─── GIVEN INFORMATION

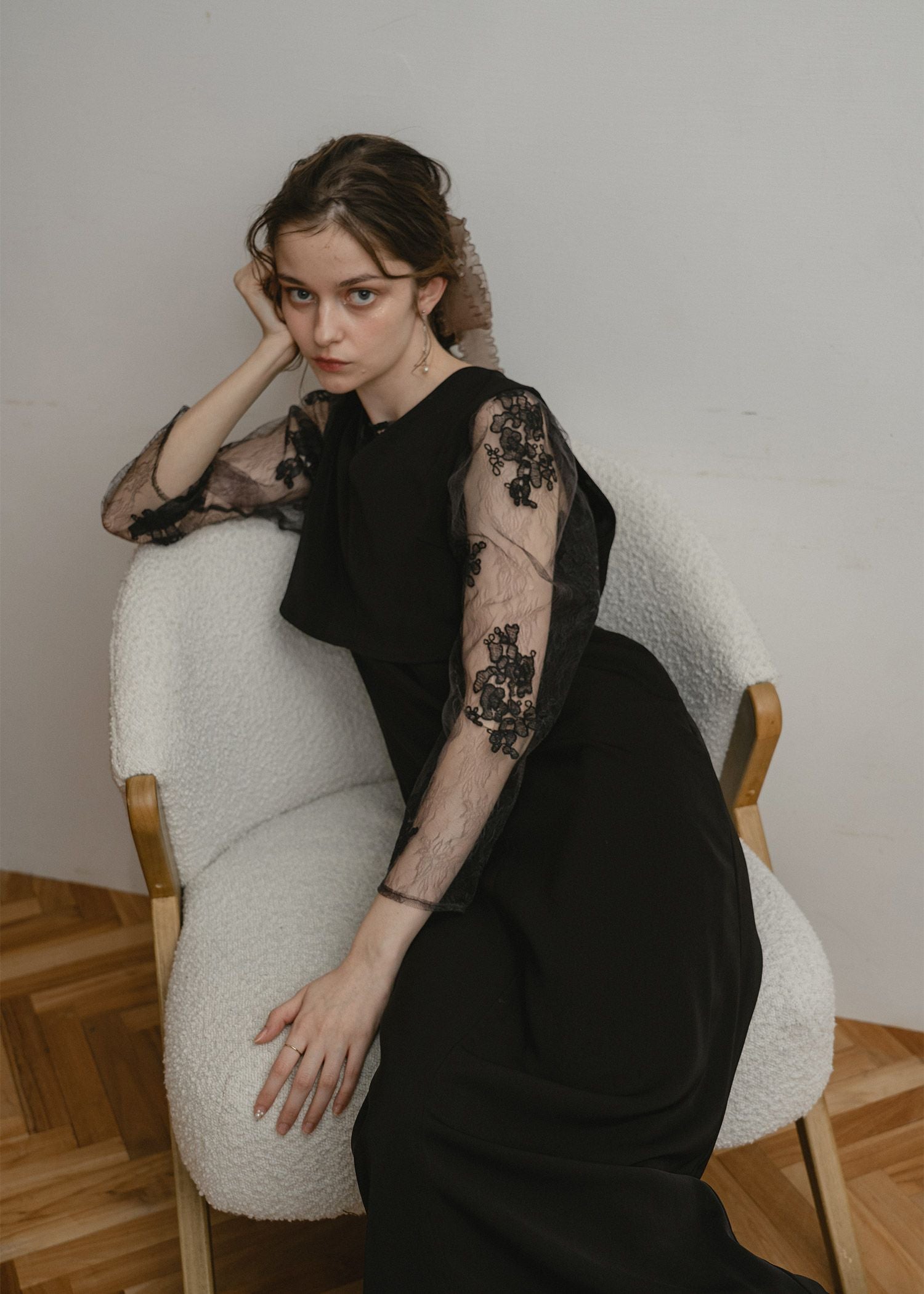 マルチレイヤードドレス｜Dorry Doll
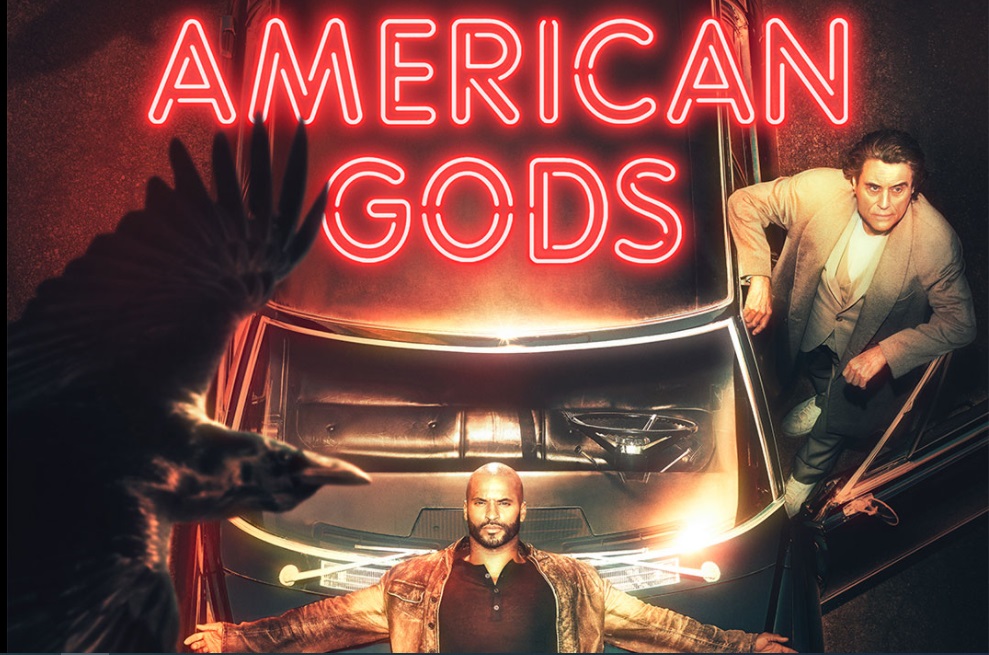 Updates on American Gods: Is the TV movie happening?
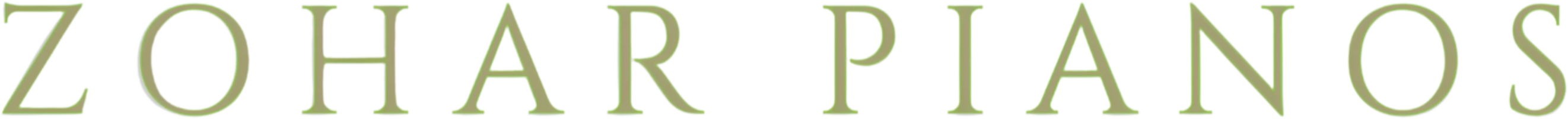 ZOHAR PIANOS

──────

• _TASK_
Omit the pictures, then output the rest of the listing exactly.

• _FINAL ANSWER_
 マルチレイヤードドレス｜Dorry Doll
 Updates on American Gods: Is the TV movie happening?
 ZOHAR PIANOS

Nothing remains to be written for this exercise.